**Description of the task:**
Nothing past the line containing "Aristité Được Ban" belongs in the output. Copy exactly every line of the data below from the first up to and including it.

[Opening Source material section]

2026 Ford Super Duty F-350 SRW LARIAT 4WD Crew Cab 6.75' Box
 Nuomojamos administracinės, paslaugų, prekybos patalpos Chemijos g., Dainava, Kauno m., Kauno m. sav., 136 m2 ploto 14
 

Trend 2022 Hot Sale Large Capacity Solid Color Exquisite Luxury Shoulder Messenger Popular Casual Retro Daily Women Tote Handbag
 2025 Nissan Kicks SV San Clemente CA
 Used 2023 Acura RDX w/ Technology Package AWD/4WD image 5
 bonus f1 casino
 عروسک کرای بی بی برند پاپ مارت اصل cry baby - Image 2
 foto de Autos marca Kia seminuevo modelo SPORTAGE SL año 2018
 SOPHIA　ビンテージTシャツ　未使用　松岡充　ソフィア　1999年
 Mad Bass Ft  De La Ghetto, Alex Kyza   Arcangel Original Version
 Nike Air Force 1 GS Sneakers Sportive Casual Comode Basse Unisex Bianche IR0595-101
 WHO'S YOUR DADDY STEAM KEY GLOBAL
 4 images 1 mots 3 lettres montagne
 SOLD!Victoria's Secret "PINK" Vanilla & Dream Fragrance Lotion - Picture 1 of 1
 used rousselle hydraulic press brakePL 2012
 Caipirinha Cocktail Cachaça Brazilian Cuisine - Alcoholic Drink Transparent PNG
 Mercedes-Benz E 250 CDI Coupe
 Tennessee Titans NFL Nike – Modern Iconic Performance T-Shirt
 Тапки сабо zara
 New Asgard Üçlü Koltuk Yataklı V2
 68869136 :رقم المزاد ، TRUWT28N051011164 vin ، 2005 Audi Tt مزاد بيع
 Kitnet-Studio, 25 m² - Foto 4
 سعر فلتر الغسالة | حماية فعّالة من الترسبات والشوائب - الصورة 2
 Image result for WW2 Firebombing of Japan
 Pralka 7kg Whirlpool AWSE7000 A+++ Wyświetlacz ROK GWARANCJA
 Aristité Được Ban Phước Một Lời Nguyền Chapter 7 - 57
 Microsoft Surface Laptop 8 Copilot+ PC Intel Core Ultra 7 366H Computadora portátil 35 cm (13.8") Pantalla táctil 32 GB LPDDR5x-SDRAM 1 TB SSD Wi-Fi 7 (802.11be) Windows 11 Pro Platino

[Closing Source material section]

**Response:**
2026 Ford Super Duty F-350 SRW LARIAT 4WD Crew Cab 6.75' Box
 Nuomojamos administracinės, paslaugų, prekybos patalpos Chemijos g., Dainava, Kauno m., Kauno m. sav., 136 m2 ploto 14
 

Trend 2022 Hot Sale Large Capacity Solid Color Exquisite Luxury Shoulder Messenger Popular Casual Retro Daily Women Tote Handbag
 2025 Nissan Kicks SV San Clemente CA
 Used 2023 Acura RDX w/ Technology Package AWD/4WD image 5
 bonus f1 casino
 عروسک کرای بی بی برند پاپ مارت اصل cry baby - Image 2
 foto de Autos marca Kia seminuevo modelo SPORTAGE SL año 2018
 SOPHIA　ビンテージTシャツ　未使用　松岡充　ソフィア　1999年
 Mad Bass Ft  De La Ghetto, Alex Kyza   Arcangel Original Version
 Nike Air Force 1 GS Sneakers Sportive Casual Comode Basse Unisex Bianche IR0595-101
 WHO'S YOUR DADDY STEAM KEY GLOBAL
 4 images 1 mots 3 lettres montagne
 SOLD!Victoria's Secret "PINK" Vanilla & Dream Fragrance Lotion - Picture 1 of 1
 used rousselle hydraulic press brakePL 2012
 Caipirinha Cocktail Cachaça Brazilian Cuisine - Alcoholic Drink Transparent PNG
 Mercedes-Benz E 250 CDI Coupe
 Tennessee Titans NFL Nike – Modern Iconic Performance T-Shirt
 Тапки сабо zara
 New Asgard Üçlü Koltuk Yataklı V2
 68869136 :رقم المزاد ، TRUWT28N051011164 vin ، 2005 Audi Tt مزاد بيع
 Kitnet-Studio, 25 m² - Foto 4
 سعر فلتر الغسالة | حماية فعّالة من الترسبات والشوائب - الصورة 2
 Image result for WW2 Firebombing of Japan
 Pralka 7kg Whirlpool AWSE7000 A+++ Wyświetlacz ROK GWARANCJA
 Aristité Được Ban Phước Một Lời Nguyền Chapter 7 - 57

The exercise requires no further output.